THE KESTREL.

The Kestrel.
(Falco tinnúnculus.)

The Kestrel also has a beautiful flight; but it is not able to catch small birds when on the wing. It is a master in the art of remaining in one spot in the air, with a very slight apparent motion of the wings. It stops suddenly in its flight at about the height of an ordinary church tower, bends its spread tail stiffly downwards and beats rapidly with its wings. It often poises itself in this way over meadows, cornfields and moorlands, and marks with its brown, sharp eyes any mouse or marmot that slips out of its hole. Sometimes it finds a brood of young birds, and these it does not spare. Crickets, grasshoppers and lizards also fall a prey to this hunter, but mice form its chief diet, and for this reason the bird is useful. When it has caught sight of its prey from a height in the air it suddenly closes its wings and drops, but when quite near the ground it spreads them again, and thus picks up its victim. It eats the smaller insects out of its claws while flying; but larger prey it carries to a quiet spot. Its twittering cry is often heard; it sounds like “Klee, klee, klee.” It leaves Hungary in severe winters. The Kestrel is the most numerous of the birds of prey in that country, where it is quite at home, even in the rush and noise of towns.
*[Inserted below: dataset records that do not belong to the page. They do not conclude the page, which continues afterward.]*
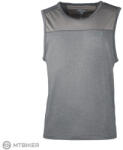Northfinder ZAKYE ing, amerikangray (L)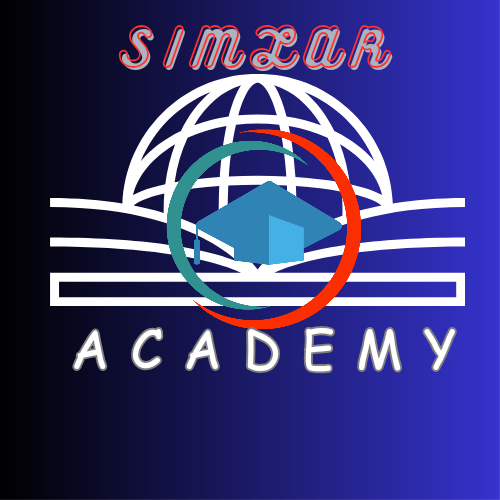 SIMLAR ACADEMY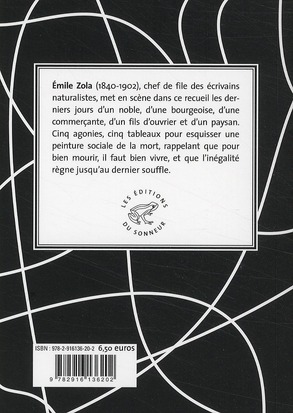 media/pim/TITELIVE/37_9782916136202_4_75.jpg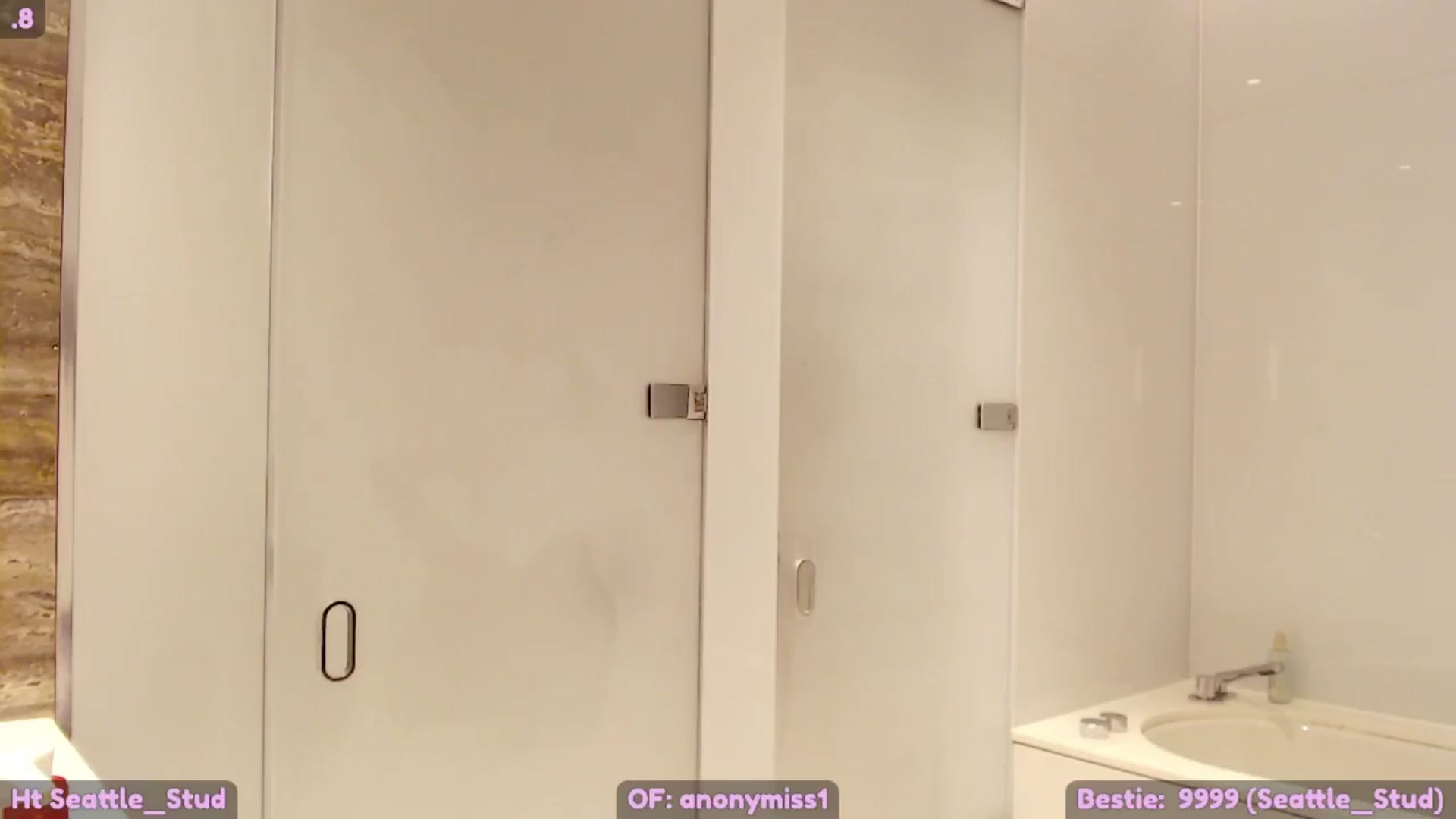 Gallery image thumbnail from Maze__'s myfreecams stream on, 04/28/2024, 22:13 image 17 of 20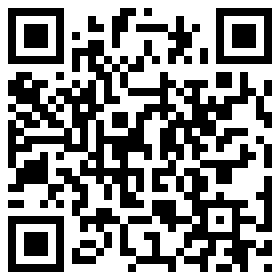 qrcode für WAGO 50004939 - 231 608/018 000 pin connector 8 pin gray 0 08 2 5 ²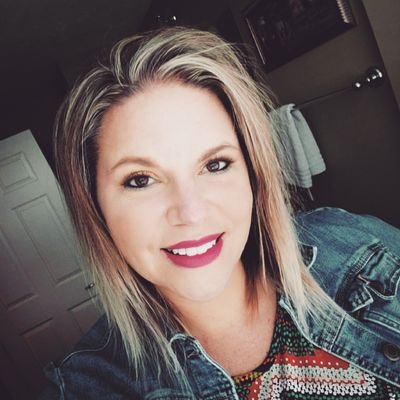 8th grade Math/Algebra Teacher👩🏫 | Berea City Schools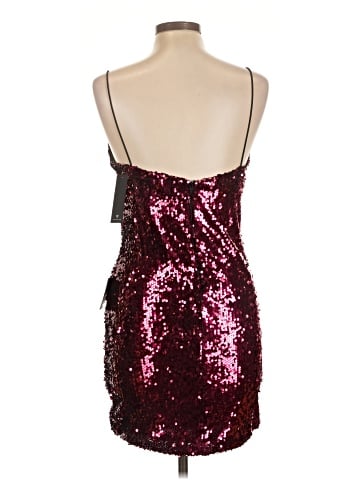 Lulus Cocktail Dress (view 2)
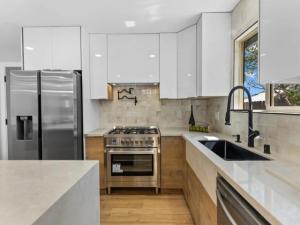 MLS #PTP2508644 image #0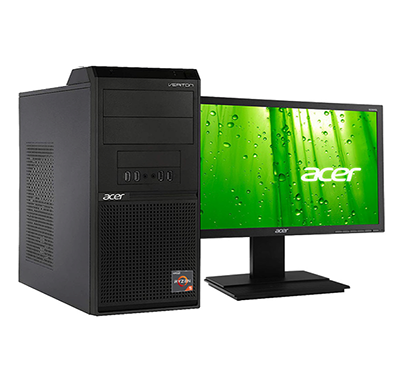 acer veriton m200-h610 (ud.30ksi.12g) desktop pc (intel core i3/ 14th gen/ 8gb ram/ 512gb ssd/ windows 11/ 21.5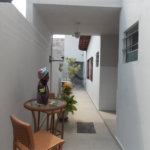 Casa à venda com 4 quartos, sendo 2 suítes, em Jardins, Bragança Paulista, SP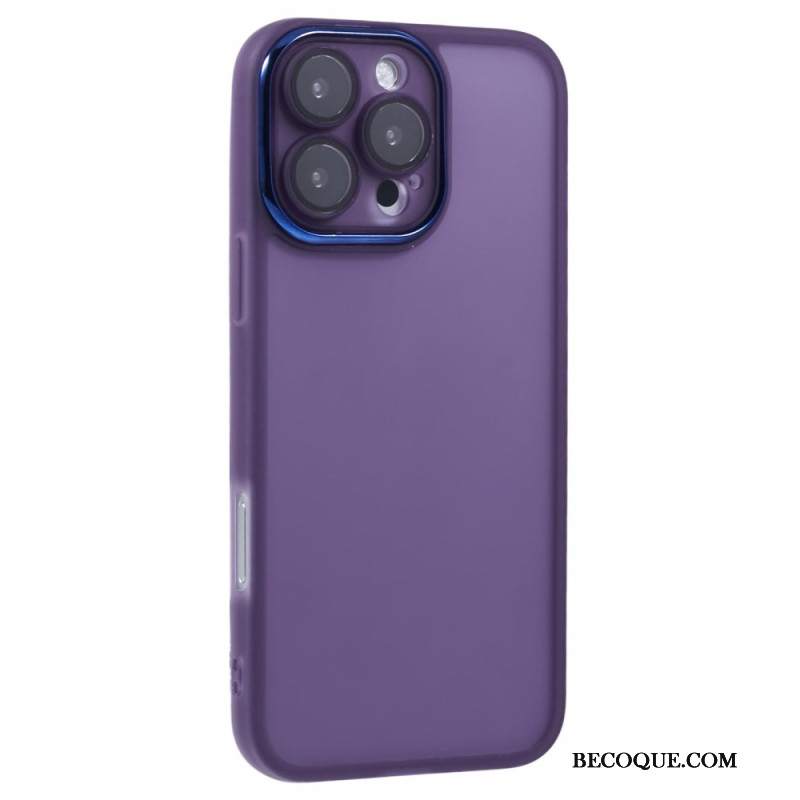 Etui iPhone 16 Pro Seria Dksm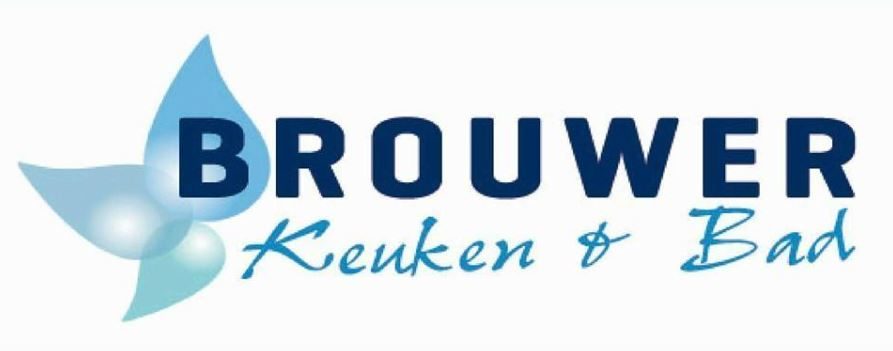 brouwer keuken en bad old deventer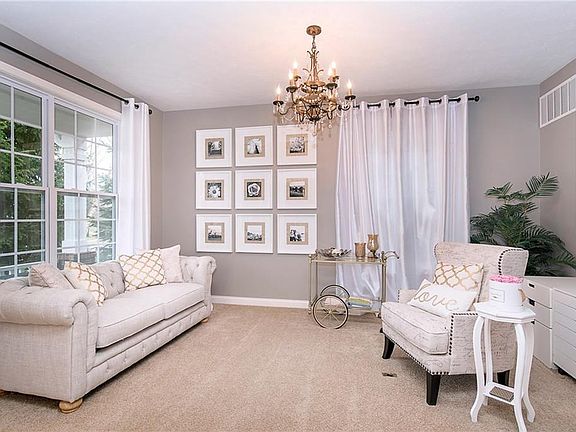 4th image of 11219 Odessa Cir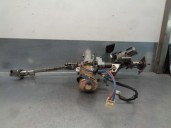 Recambio de columna direccion para toyota corolla (e12) 1.6 16v referencia OEM IAM 4520002180 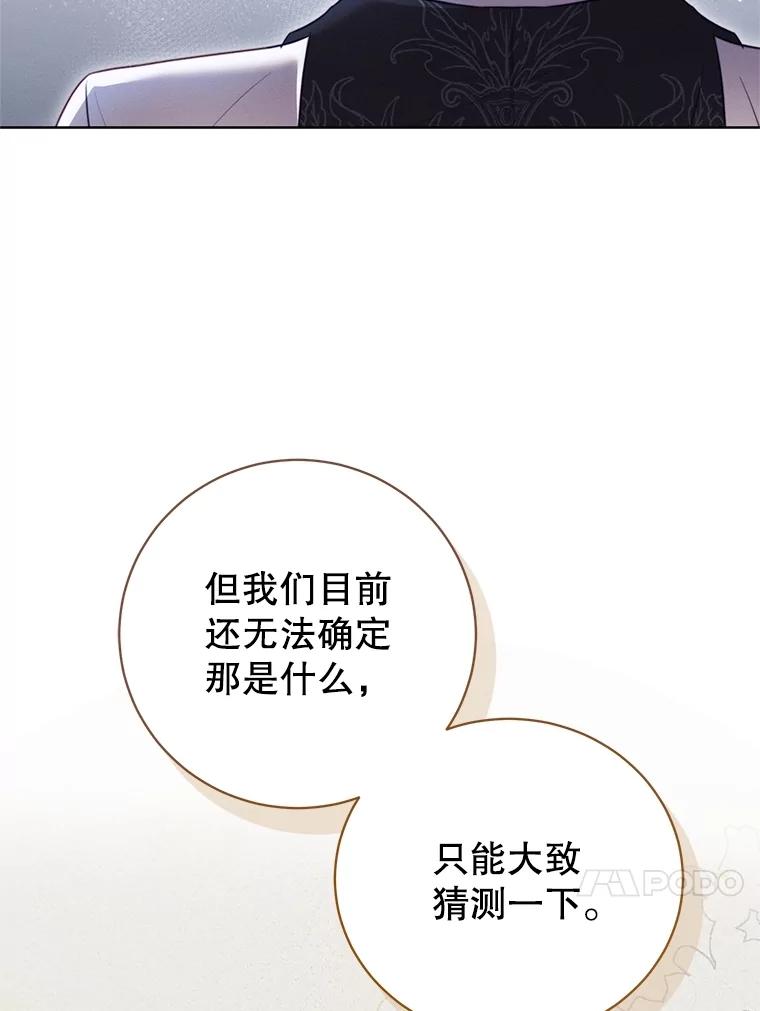 《成为被诅咒的公爵家的女主人》15.安排护卫 第104页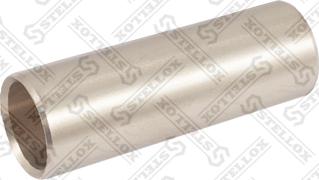 Stellox 84-12570-SX - Bronzina cuscinetto, Molla a balestra autozon.pro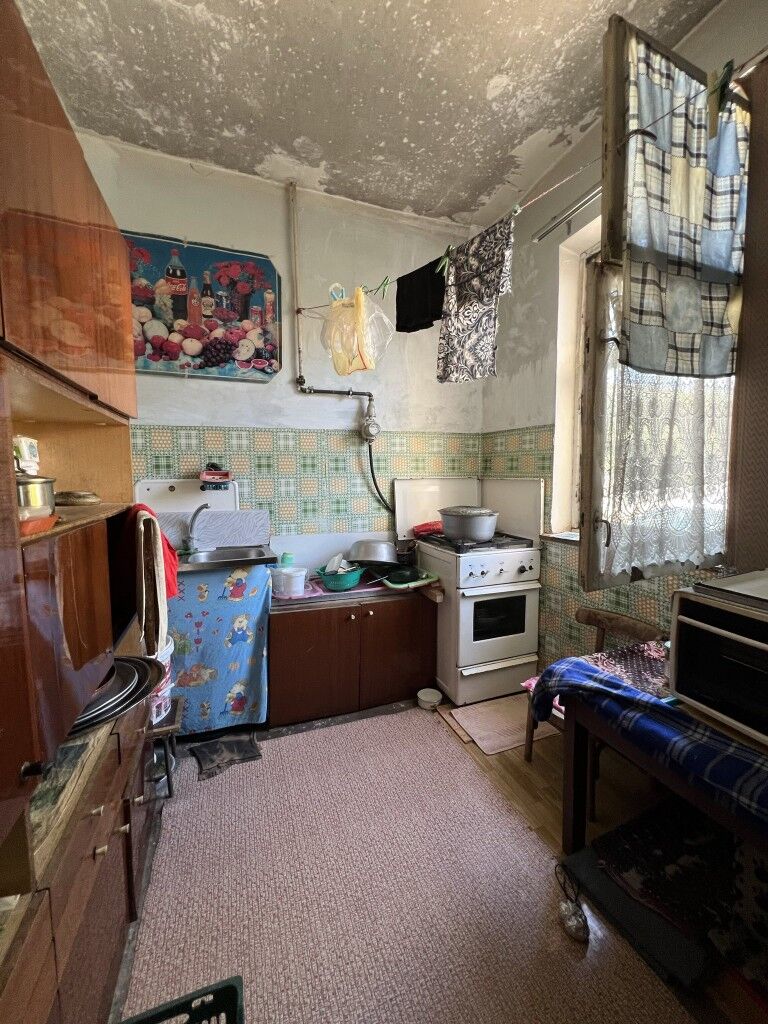 ГАУДАН GAUDAN W 2+1 72м² 1 ETA - Гаудан "В" - img 5
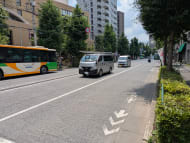 v20260624150904/fresh/building/J00100412655_9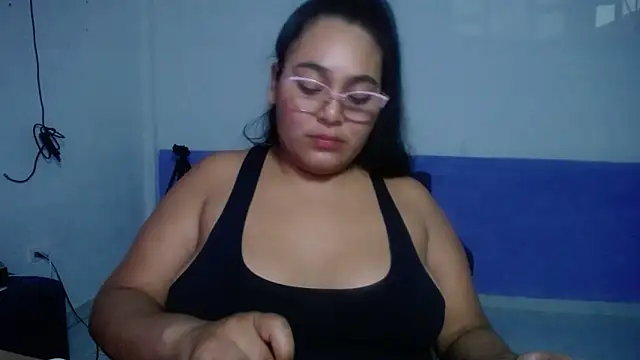 sirena_15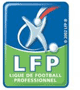 lfp.gif lfp.gif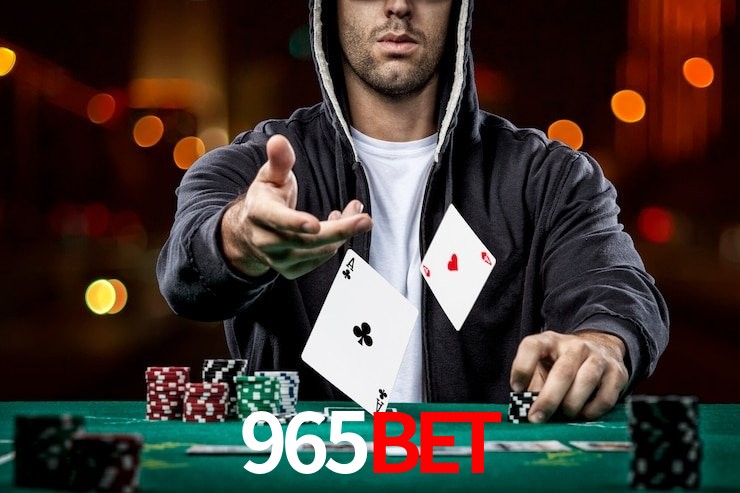 965BET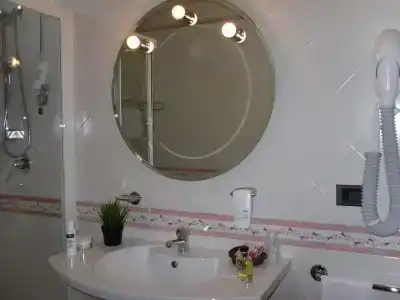 Best Western Dei Cavalieri - 41
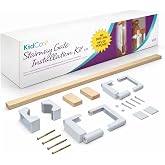 KidCo K12 Stairway Gate Installation Kit
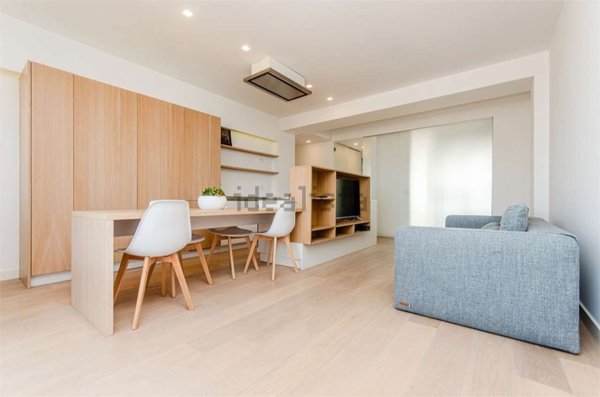 appartamento in affitto a Milano in zona San Vittore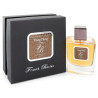 Franck Boclet 3575070044591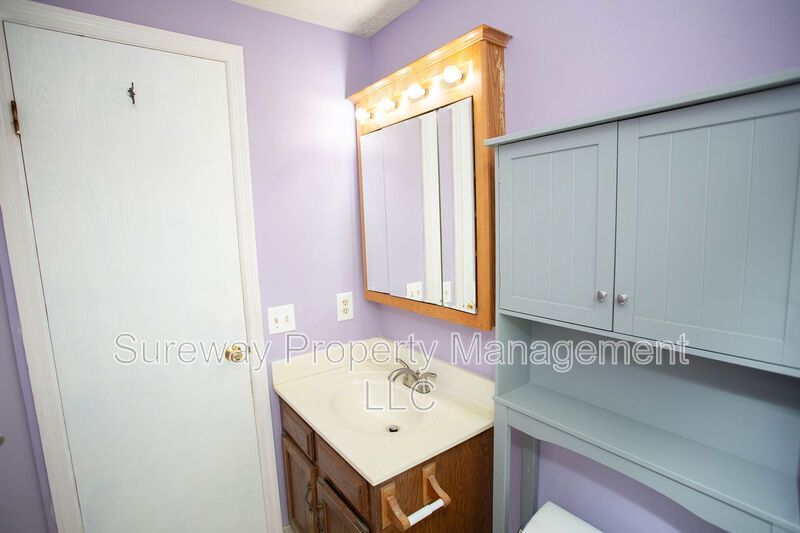 Charming property image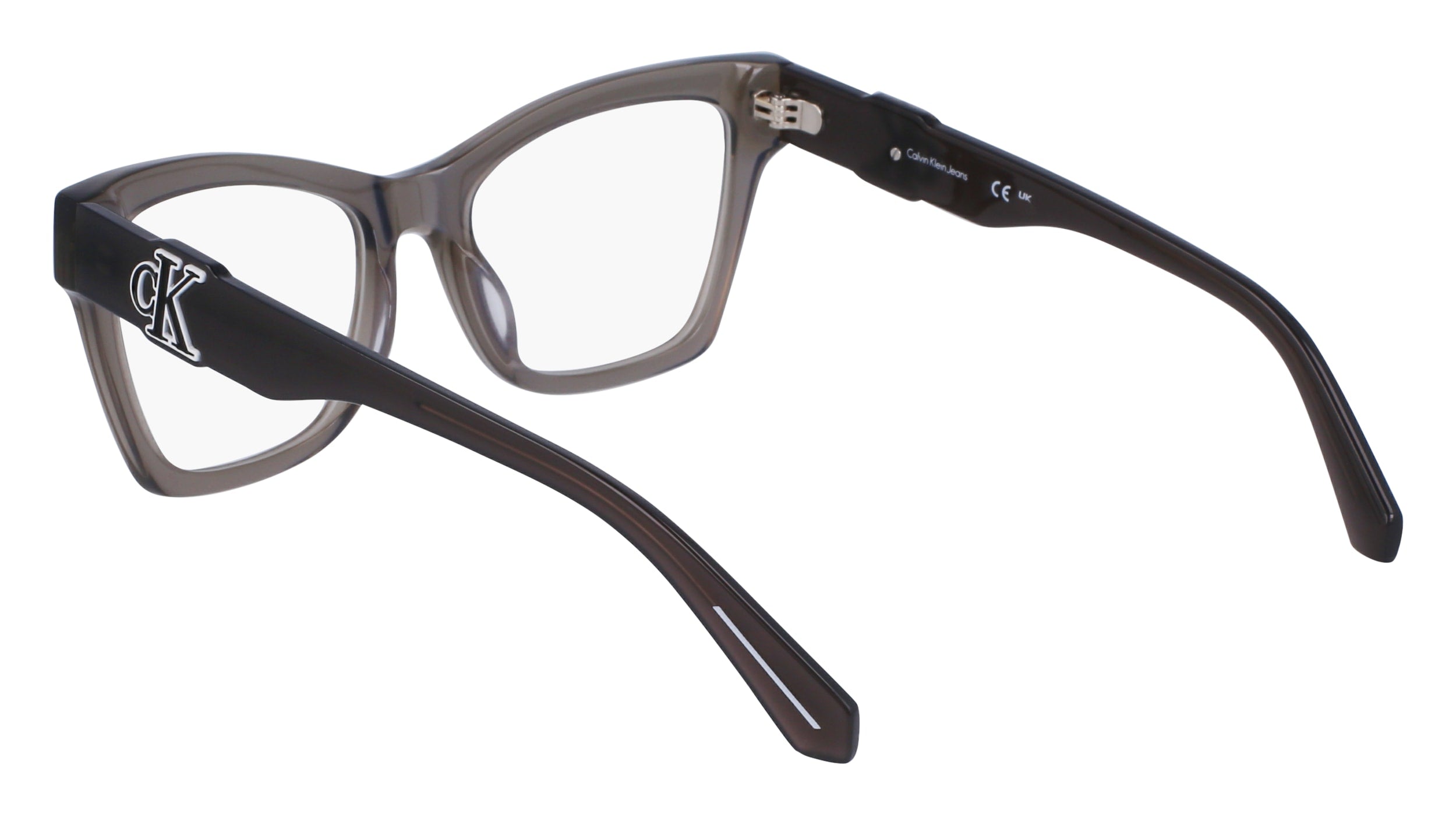 CALVIN KLEIN JEANS CKJ23646 050 52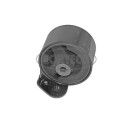 Support, moteur CORTECO 49359127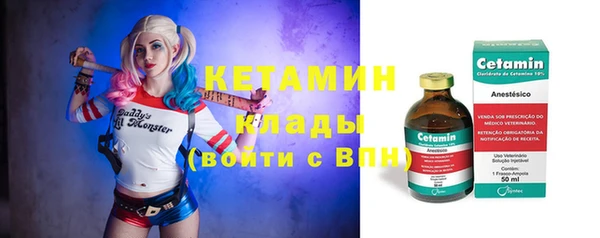 кокс Дмитриев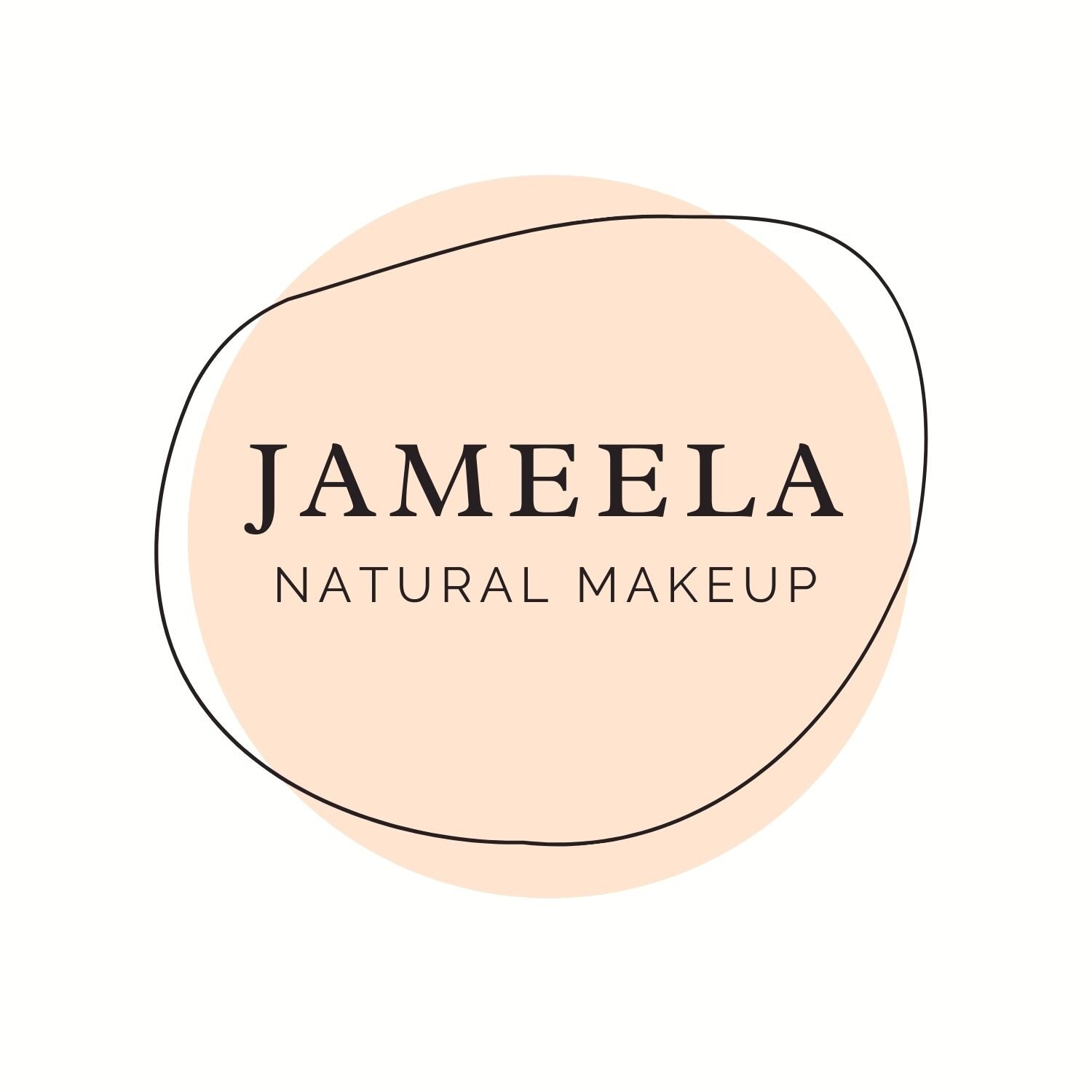 Overused Canva Business logo Design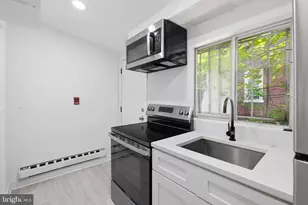 4242 Pine St, Philadelphia, PA 19104 - Photo 13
The Kestrel is commonly known as the Wind-hover, on account of its habit of hanging motionless in the air against the wind. It has a very graceful flight. This Falcon is quite the commonest of the British birds of prey, and we should have still more of these useful Falcons in our country were it not for the prejudice and ignorant ideas of so many of our gamekeepers and farmers. In Scotland the former are becoming much more aware of the harmlessness and the usefulness of the Kestrel. Considering the fact that the creatures forming its principal food are mice, it is strange that our agriculturalists have not valued its services sooner. The gracefulness of its flight makes it an interesting point in a landscape. It is as well known to country children in our Southern counties as is the Cuckoo. If their nest is robbed before the full number of eggs is laid the pair will remove such eggs as are left to the next suitable empty nest they can find and proceed with their family duties there. The Kestrel is a pleasanter bird to keep as a pet than others of his family; it is easily tamed, and afterwards can be kept at liberty, as it will come to call or whistle if it is fed regularly at the same time and place. The late Lord Lilford, who knew more practically about Falcons than most ornithologists said: “I cannot altogether acquit the Kestrel of an occasional bit of poaching; a small Partridge or Pheasant astray in the grass is no doubt too tempting a morsel to be resisted, but any petty larceny of this sort may well be condoned on account of the great number of field-mice and voles destroyed by these birds.” In Spain its food consists chiefly of beetles.

A great many of our Kestrels leave us at the approach of winter when the food they like best is too hard to find.

The Kestrel is about the same size as the Hobby, but is a slenderer bird, and its tail is longer. The tail is of a beautiful grey colour and extends far beyond the tips of the wings. Near its extremity it is adorned with a broad, dark, transverse bar; the tip itself, however, is white. The back is reddish with dark, triangular markings; the flanks light-coloured with black longitudinal marks. The bill is curved from the base, and is short and strongly hooked. Cere and feet are yellow. The tail of the female has several narrow transverse bars, with tip as in the male. For nesting places the Kestrel chooses by preference ruins, towers, and lofty crags, very seldom selecting a site in a tree. It lays four or five eggs, rarely more than six. They are thickly spotted and splashed with brownish-red on a light ground.

The Merlin or Stone-hawk (Falco æsalon) is the smallest bird of our British Falcons. It breeds regularly on our moorlands, not in such numbers in the South as beyond Derbyshire. In many parts of Wales too it nests. It is fairly common too in the mountainous parts of Ireland. In the autumn the dashing little fellow comes down to the coast and bays where he can prey on Dunlins, Snipe and other waders. He has high courage and will kill birds you would not think him capable of mastering. The Merlin will kill the Skylark if pinched by hunger, but both he and the Hobby prefer birds of the Finch family.